The All Blacks’ loss to England in the 2019 World Cup Rugby tournament in Japan did not unleash Armageddon in Auckland.
There was very little cursing in Christchurch.
It would appear as though the Kiwis have developed an appropriate level of jaundice over the fate of the national rugby squad.
Past losses have triggered all manner of soul-searching, hand-wringing and other hyphenated-hyperbole.
Heads would roll. Feet would be held to the fire. Desserts withheld.
This time around, however, the teeth-gnashing and garment-rending have been noticeably more understated.
It would appear that New Zealand has developed a keen sense of maturity.
That is the news from sports broadcaster Grant Nisbett, who says, “I think we have matured quite frankly and people I have spoken to don’t seem overly upset about it. Disappointed yes, but not blaming anyone. I think we were into the blame game in former campaigns. We always looked around to see if we could blame somebody. I haven’t heard anyone blame anyone this time.”

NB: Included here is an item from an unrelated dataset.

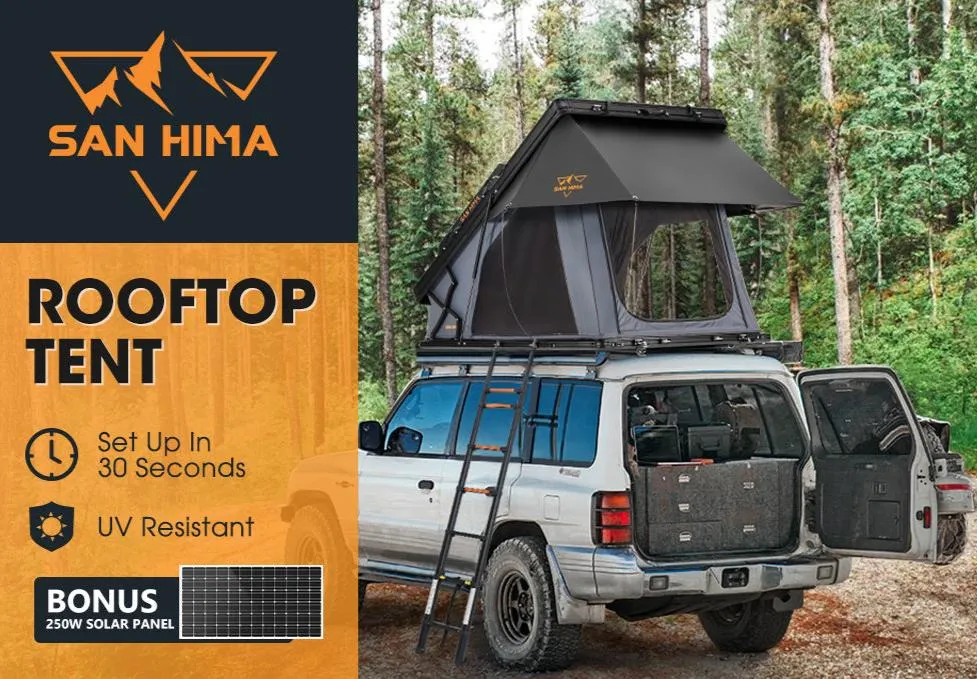 San Hima Kalbarri X Rooftop Tent Hardshell With Ladder   250W Solar Panel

If this were the NRL, the blame would fall on Steve Hansen, but as he is leaving the post as New Zealand coach, it would seem manifestly unfair to sully his legacy.
We seldom expect objectivity from a sports journo, particularly from a bloke who bleeds black, but Nisbett has a four-decade repository of sports writing on which to draw.

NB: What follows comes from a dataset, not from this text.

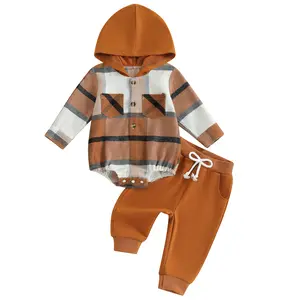 Baby Boys Outfits Long Sleeve Plaid Hooded Romper Button Bodysuits with Elastic Waist Drawstring Pants 2Pcs Toddler Baby Boys Clothing Sets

In his post-match presser, Hansen was the one lacking objectivity, offering to take a journo who asked a cheeky question outside for a “rugby education.”
The NZ press in the past would have spontaneously combusted over such an incident. This go, Hansen’s remarks were tallied as nothing other than high emotions.
Contrast that to the reaction to the NZ loss in 1999, when All Blacks fans actually threw beer and spat at then-coach John Hart’s racehorse at Addington in Christchurch.
Anyone who would throw beer at a horse is in serious need of anger-mitigation counseling.
A University of Auckland Professor of Sociology of Sport (required course for aspiring All Blacks) by the name of Toni Bruce said that Kiwis were more sanguine over the latest loss because they won the last two World Cups.